### [Exercise]
Your answer must be an exact copy of the entries below, with no pictures in it.

### [Task data]

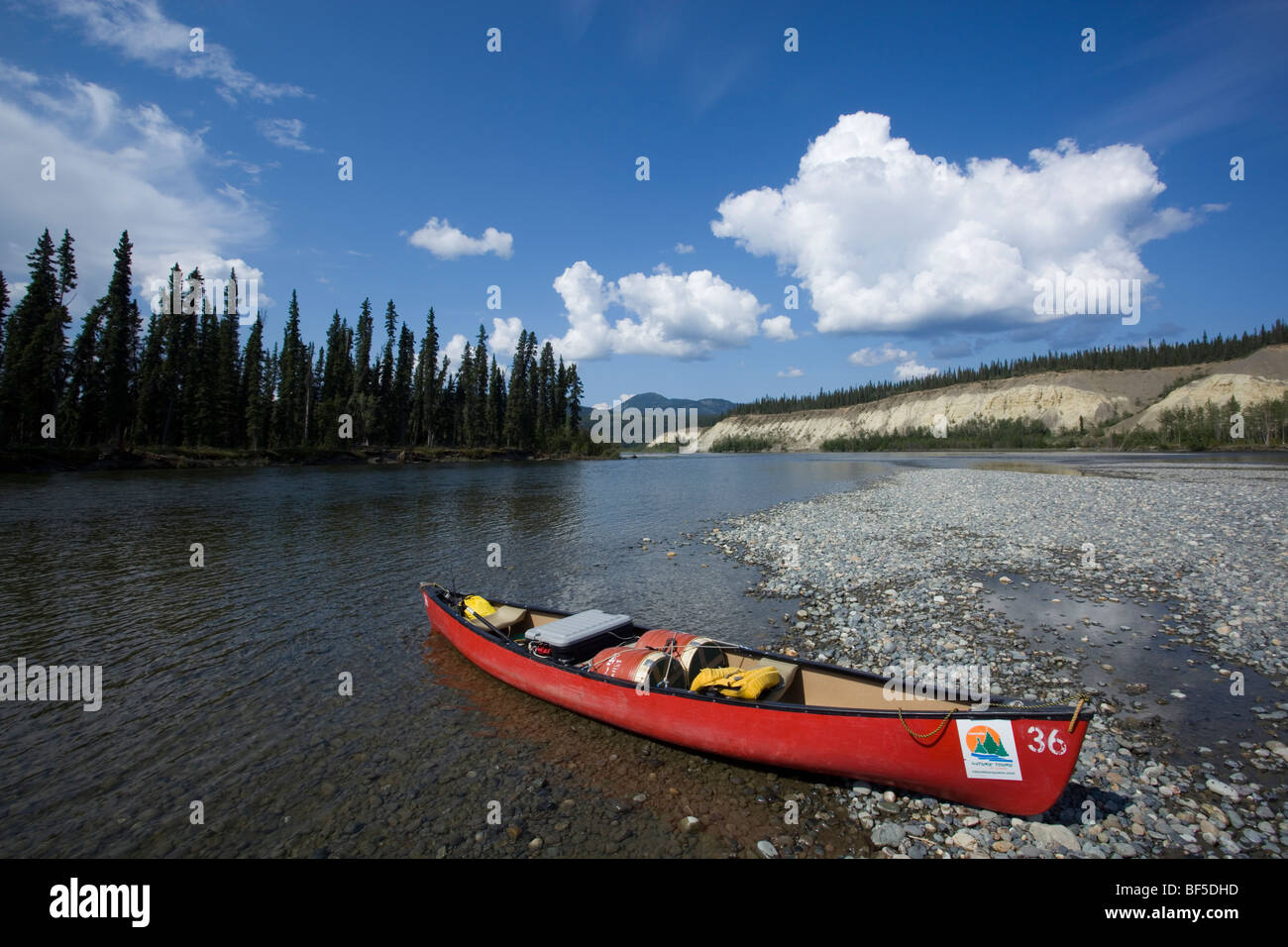 Loaded canoe on gravel bar, Teslin River, water formed landscape, high cut bank behind, Yukon Territory, Canada Stock Photo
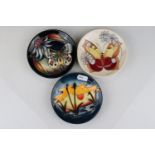 Three Moorcroft Pin Dishes in the Apollo, Butterfly and Reeds at Sunset patterns, 12cms diameter
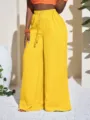 Close-up details of the yellow textured wide-leg pants showing the high waist and drawstring. - Yellow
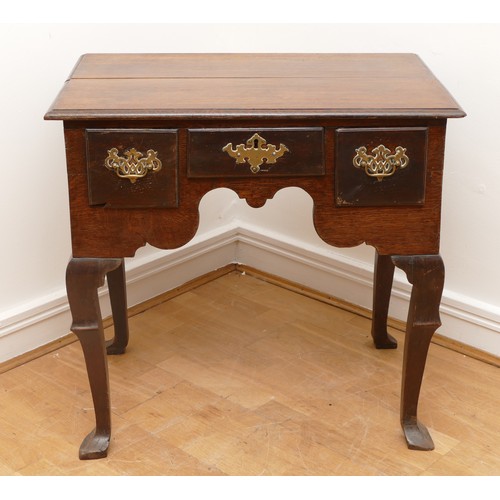 491 - A George III oak lowboy, having three frieze drawers and shaped apron, raised on cabriole legs with ... 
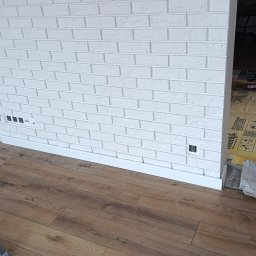 Artur Kamiński - Biała ściana z cegły dekoracyjnej, brązowa podłoga z paneli, widoczne puszki elektryczne i listwa przypodłogowa. W tle narzędzia na podłodze zabezpieczonej folią.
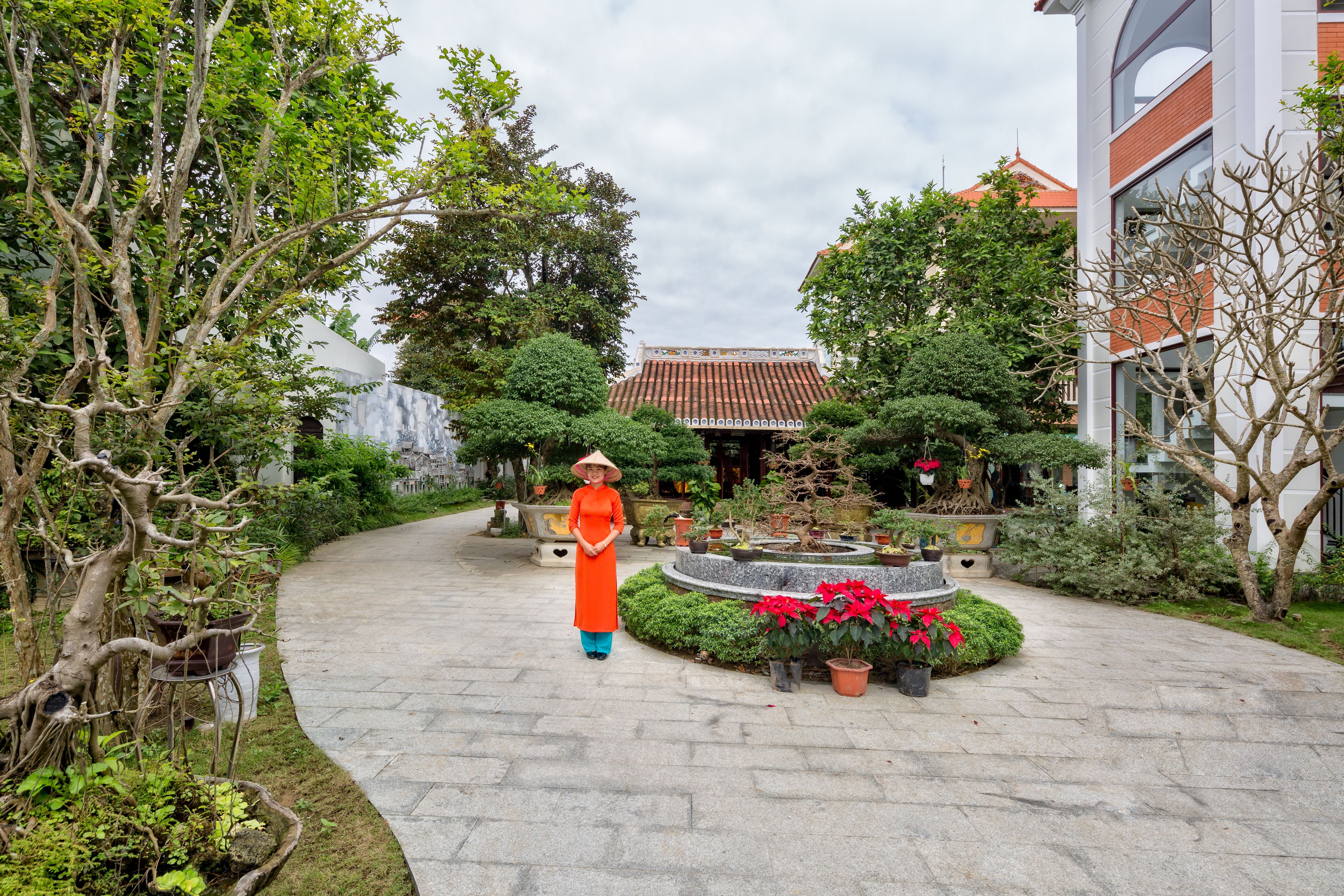 Une cour avec un chemin sinueux, des plantes en pot et, au fond, un bâtiment traditionnel doté d’un toit en tuiles.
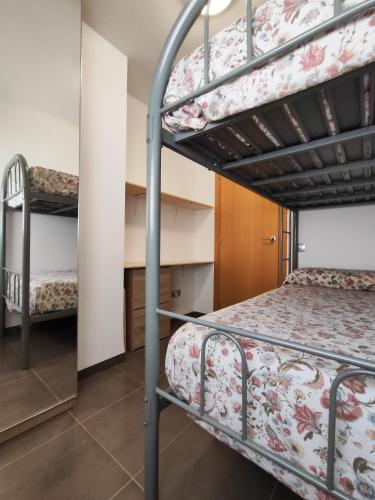 a bedroom with two bunk beds and a desk at La Barcassa de Deltebre in Deltebre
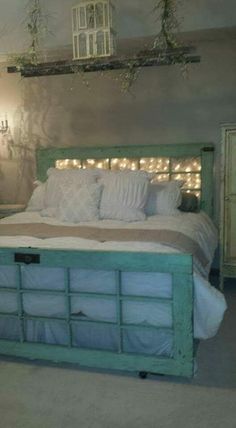 the bed frame is made from doors and has been painted green with white trims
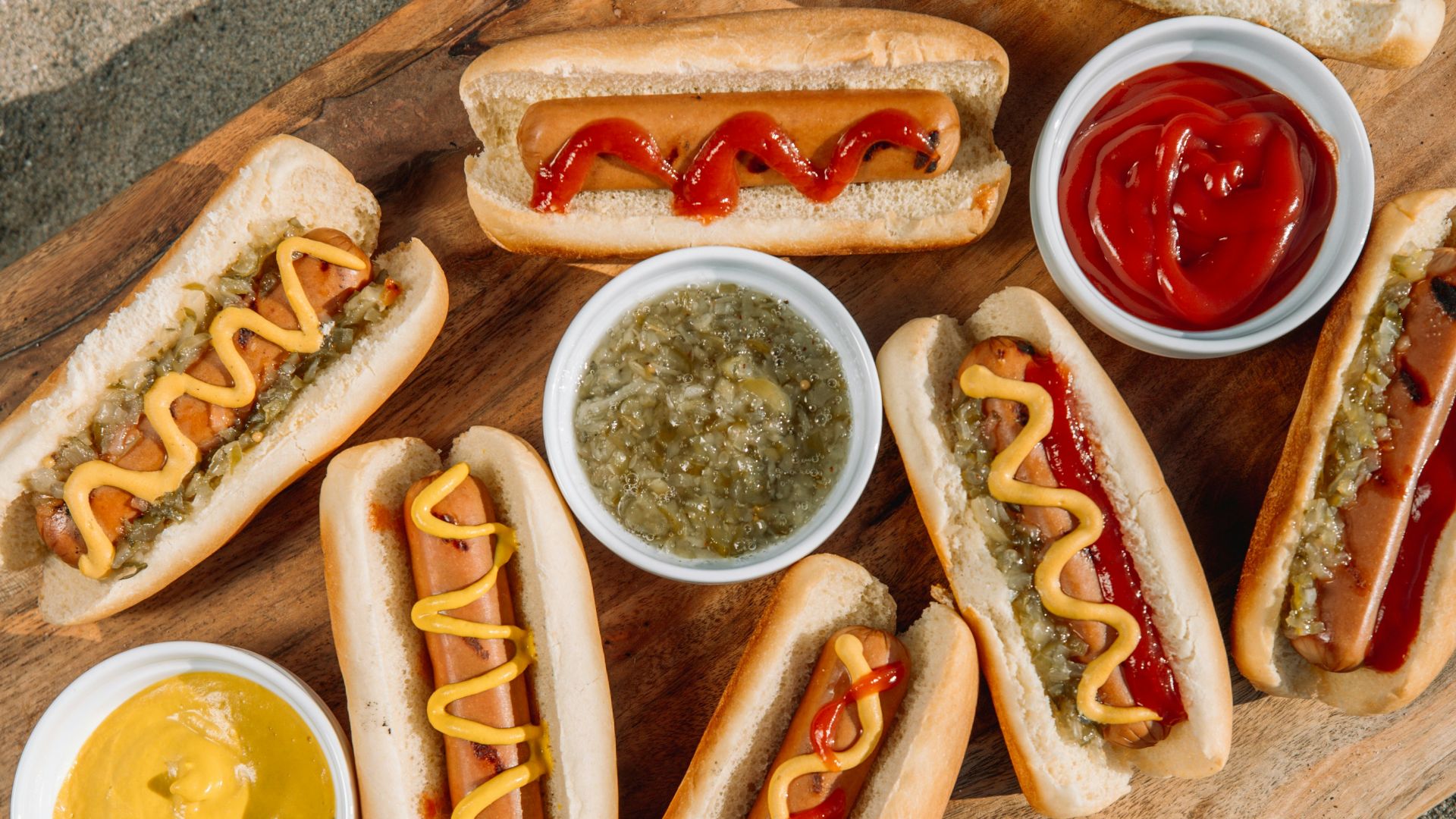 hotdog sandwich with sauce on brown wooden tray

### [Result of the exercise]
 Loaded canoe on gravel bar, Teslin River, water formed landscape, high cut bank behind, Yukon Territory, Canada Stock Photo
 Three Moorcroft Pin Dishes in the Apollo, Butterfly and Reeds at Sunset patterns, 12cms diameter
 Close-up details of the yellow textured wide-leg pants showing the high waist and drawstring. - Yellow
 491 - A George III oak lowboy, having three frieze drawers and shaped apron, raised on cabriole legs with ... 
 Artur Kamiński - Biała ściana z cegły dekoracyjnej, brązowa podłoga z paneli, widoczne puszki elektryczne i listwa przypodłogowa. W tle narzędzia na podłodze zabezpieczonej folią.
 Une cour avec un chemin sinueux, des plantes en pot et, au fond, un bâtiment traditionnel doté d’un toit en tuiles.
 a bedroom with two bunk beds and a desk at La Barcassa de Deltebre in Deltebre
 the bed frame is made from doors and has been painted green with white trims
 hotdog sandwich with sauce on brown wooden tray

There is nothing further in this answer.